A Deep Q-Learning Reinforcement Agent in A Grid World

This is a simple example of a Q-Learning agent. Instead of using a table for the Q function, here we use a 1-layer perceptron (linear model) to approximate the Q function.

todo: explain the algorithm



In [1]:

    
import numpy as np
import random
import gym
import tensorflow as tf
%matplotlib inline
%config InlineBackend.figure_format = 'retina'

import matplotlib.pyplot as plt

from IPython.display import clear_output
from tqdm import tqdm



In [2]:

    
env = gym.make('FrozenLake-v0')









    



[2017-03-20 17:27:15,523] Making new env: FrozenLake-v0



In [3]:

    
tf.reset_default_graph()

# Use minibatch of 1 for all tensor def.
state = tf.placeholder(shape=[1, 16], dtype=tf.float32)

W = tf.Variable(tf.random_uniform([16, 4], 0, 0.01))

Q_out = tf.matmul(state, W)
action = tf.argmax(Q_out, 1)

# Here are the losses
Q_next = tf.placeholder(shape=[1, 4], dtype=tf.float32)
loss = tf.reduce_sum(tf.square(Q_next - Q_out))

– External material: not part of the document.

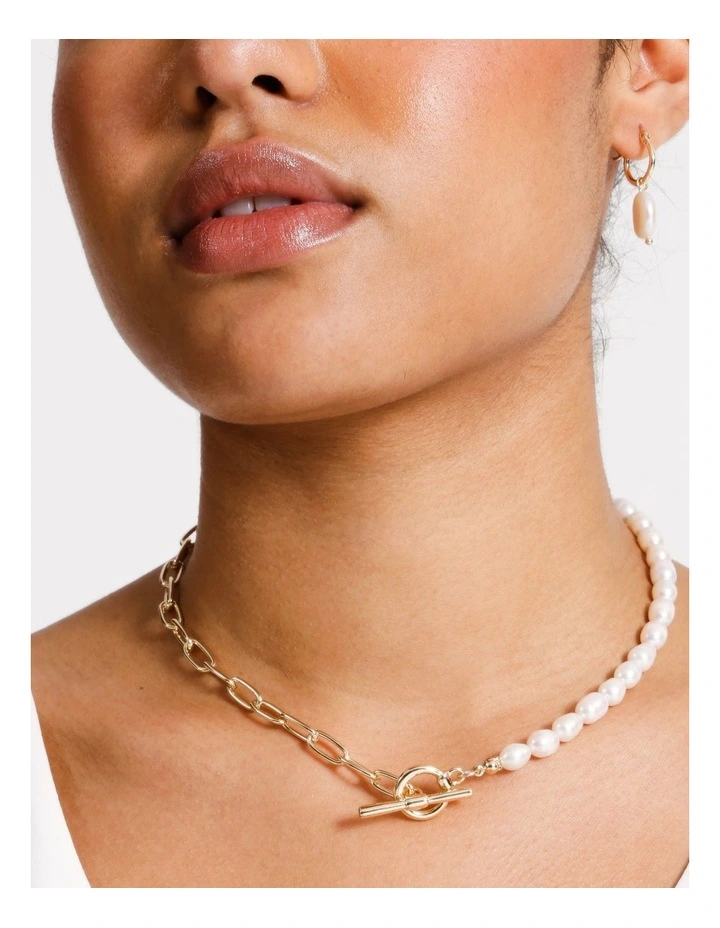 Pearl Necklace in Gold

trainer = tf.train.GradientDescentOptimizer(learning_rate = 0.1)
updateModel = trainer.minimize(loss)



In [4]:

    
def state_hot_enc(s):
    return np.identity(16)[s:s+1]



In [5]:

    
init = tf.global_variables_initializer()

# Set learning parameters
l_rate = 0.4
y = .99
e = 0.1
num_episodes = 50000

# create lists to contain total rewawrds and steps per episode

epi_length = []
rs = []

with tf.Session() as sess:
    sess.run(init)
    for i in tqdm(range(num_episodes)):
        s = env.reset()
        r_total = 0
        done = False
        number_jumps = 0
        
        # limit numerb of jumps
        while number_jumps < 99:
            number_jumps += 1
            
            Q_value, a_value = \
               sess.run([Q_out, action], feed_dict={state:state_hot_enc(s)})
            #print(action, a_value)
            
            
            # pick a random action
            if np.random.rand(1) < e:
                # actual result is the first item in the mini batch
                a_value[0] = env.action_space.sample()
            #print(a_value[0])
            s_next, r, done, _ = env.step(a_value[0])
            #print(s_next, r, d)
            
            
            Q_next_value = sess.run(Q_out, feed_dict={state:state_hot_enc(s_next)})
            
            
            max_Q_next = np.max(Q_next_value)
            
            # now update Q
            Q_value[0, a_value[0]] += l_rate * (r + y * max_Q_next \
                                                - Q_value[0, a_value[0]])
            
            _, W_value = sess.run([updateModel, W], feed_dict={
                state:state_hot_enc(s), Q_next: Q_value})
 
            r_total += r
            s = s_next
            if done:
                # be more conservative as we learn more
                e = 1./((i/50) + 10)
                break
                
        
        if i%200 == 199:
            
            clear_output(wait=True)
            print("success rate: " + str(sum(rs[-200:])/2) + "%")
        
            plt.figure(figsize=(8, 8))
            plt.subplot(211)
            plt.title("Jumps Per Episode", fontsize=18)
            plt.plot(epi_length[-200:], "#23aaff")
            plt.subplot(212)
            plt.title('Reward For Each Episode (0/1)', fontsize=18)
            plt.plot(rs[-200:], "o", color='#23aaff', alpha=0.1)
            plt.show()
            
        epi_length.append(number_jumps)
        rs.append(r_total)









    



success rate: 68.0%






    












    



100%|██████████| 50000/50000 [28:47<00:00, 28.94it/s]



In [6]:

    
def mv_avg(xs, n):
    return [sum(xs[i:i+n])/n for i in range(len(xs)-n)]
# plt.plot(mv_avg(rs, 200))



In [7]:

    
plt.figure(figsize=(8, 8))
plt.subplot(211)
plt.title("Jumps Per Episode", fontsize=18)
plt.plot(epi_length, "#23aaff", linewidth=0.1, alpha=0.3,
        label="raw data")
plt.plot(mv_avg(epi_length, 200), color="blue", alpha=0.3, linewidth=4, 
         label="Moving Average")
plt.legend(loc=(1.05, 0), frameon=False, fontsize=15)
plt.subplot(212)
plt.title('Reward For Each Episode (0/1)', fontsize=18)
#plt.plot(rs, "o", color='#23aaff', alpha=0.2, markersize=0.4, label="Reward")
plt.plot(mv_avg(rs, 200), color="red", alpha=0.5, linewidth=4, label="Moving Average")
plt.ylim(-0.1, 1.1)
plt.legend(loc=(1.05, 0), frameon=False, fontsize=15)
plt.savefig('./figures/Frozen-Lake-v0-tf.png', dpi=300, bbox_inches='tight')